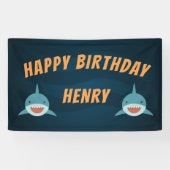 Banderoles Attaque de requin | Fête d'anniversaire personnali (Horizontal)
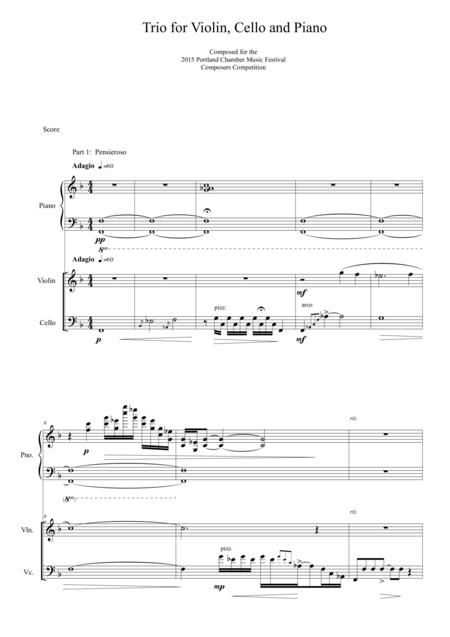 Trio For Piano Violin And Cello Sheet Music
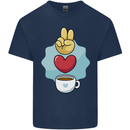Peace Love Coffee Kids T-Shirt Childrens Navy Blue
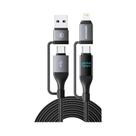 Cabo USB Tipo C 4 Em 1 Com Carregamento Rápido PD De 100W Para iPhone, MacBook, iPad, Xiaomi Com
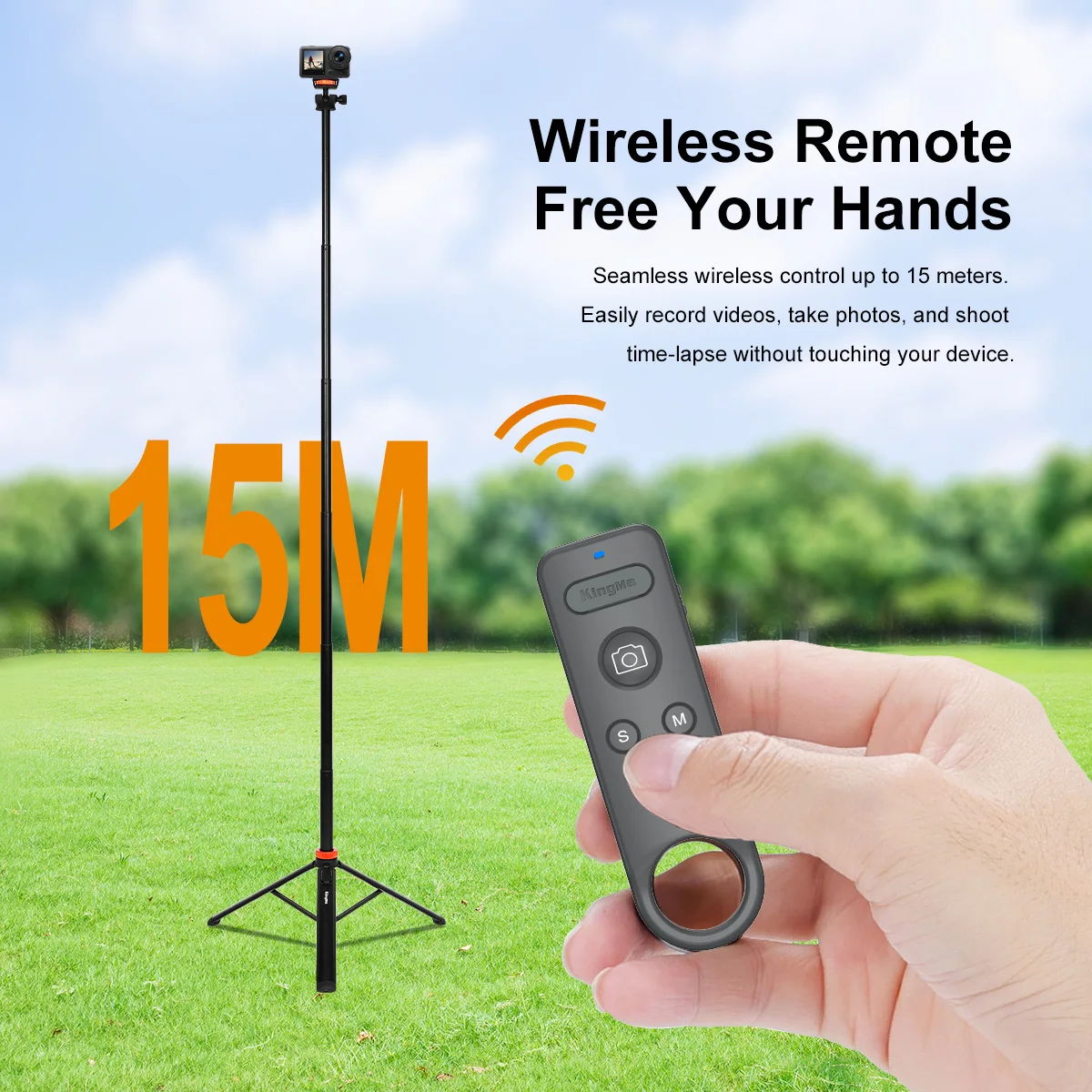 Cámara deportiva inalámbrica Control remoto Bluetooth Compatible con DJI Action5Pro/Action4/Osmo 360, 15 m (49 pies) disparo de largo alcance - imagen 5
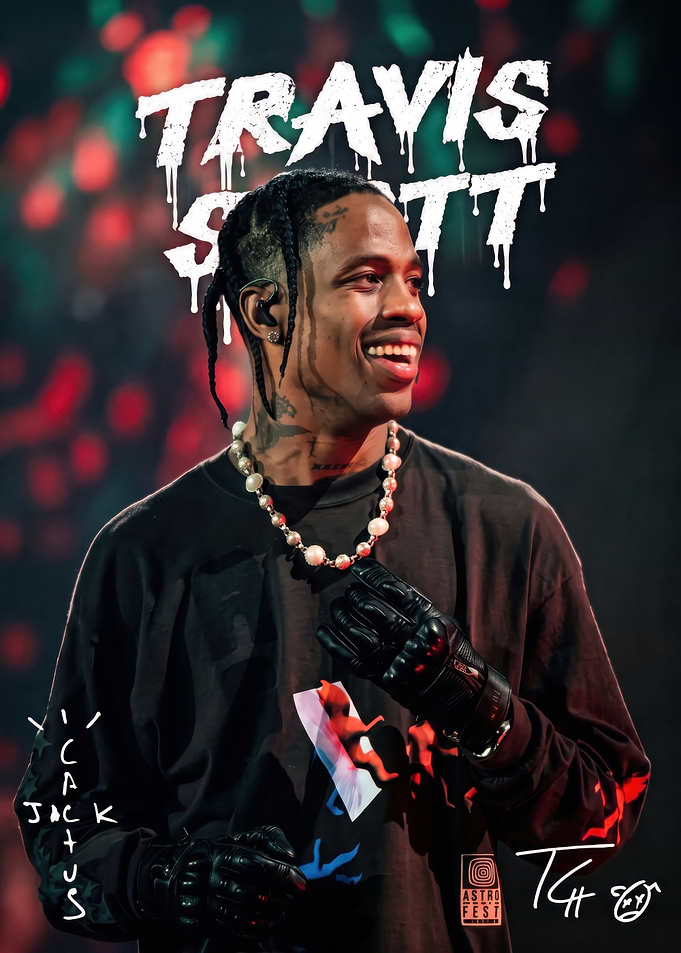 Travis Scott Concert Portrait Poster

...

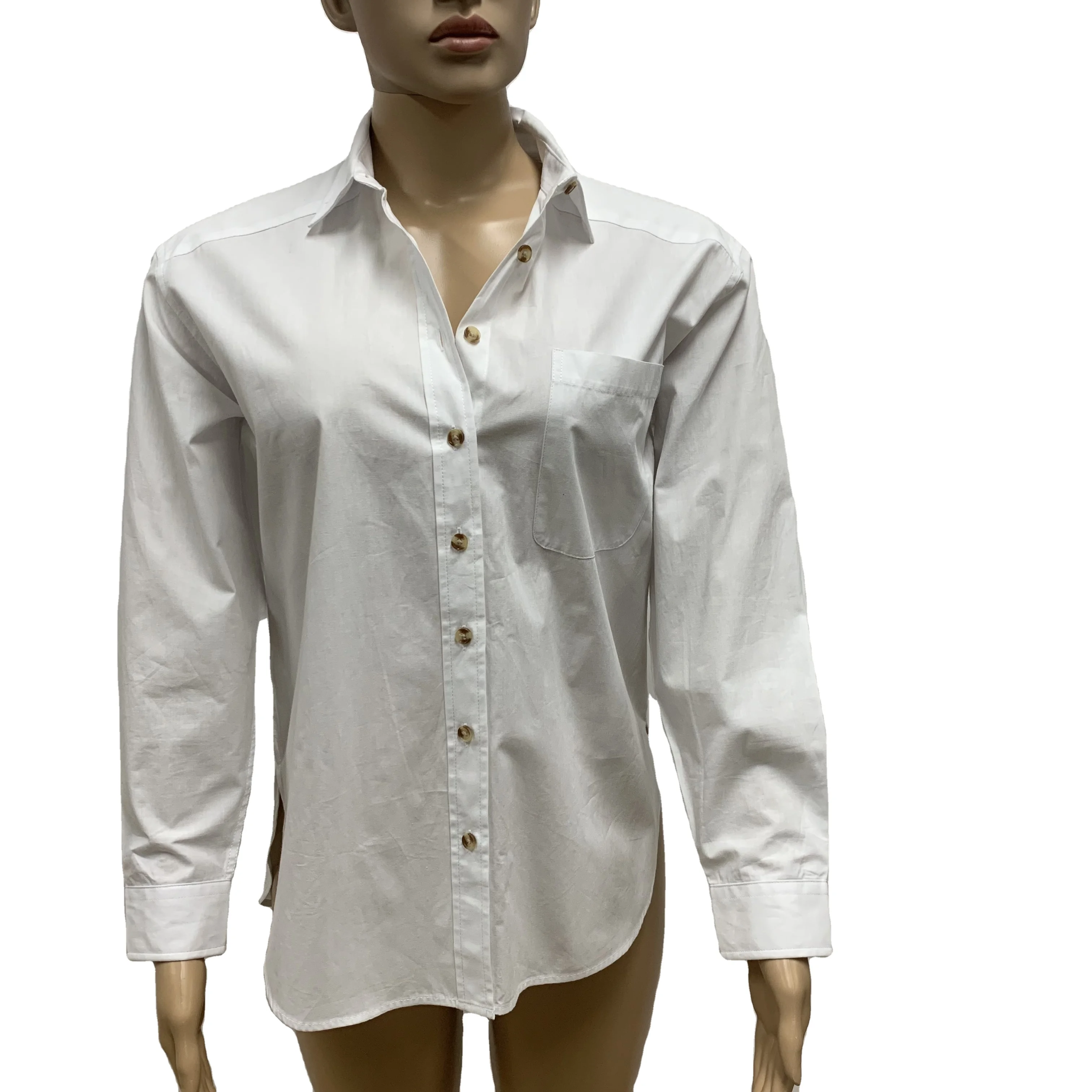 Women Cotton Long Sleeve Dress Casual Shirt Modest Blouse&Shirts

==

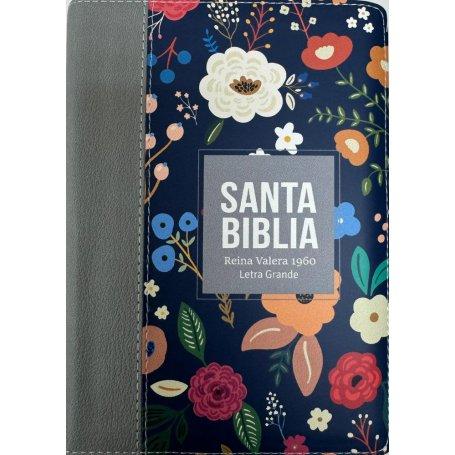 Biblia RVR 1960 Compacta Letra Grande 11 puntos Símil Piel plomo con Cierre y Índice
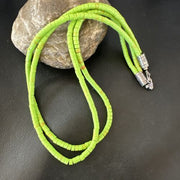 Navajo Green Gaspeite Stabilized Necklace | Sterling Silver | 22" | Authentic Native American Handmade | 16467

### WHAT YOU SHOULD DO
Output exactly those lines of the data above that run from the line with "Banderoles Attaque de" up to and including the line with "Travis Scott Concert Portrait Poster". No pictures go in.

### ANSWER TO THE PROBLEM
 Banderoles Attaque de requin | Fête d'anniversaire personnali (Horizontal)
 Trio For Piano Violin And Cello Sheet Music
Peace Love Coffee Kids T-Shirt Childrens Navy Blue
 Cabo USB Tipo C 4 Em 1 Com Carregamento Rápido PD De 100W Para iPhone, MacBook, iPad, Xiaomi Com
 Cámara deportiva inalámbrica Control remoto Bluetooth Compatible con DJI Action5Pro/Action4/Osmo 360, 15 m (49 pies) disparo de largo alcance - imagen 5
 Travis Scott Concert Portrait Poster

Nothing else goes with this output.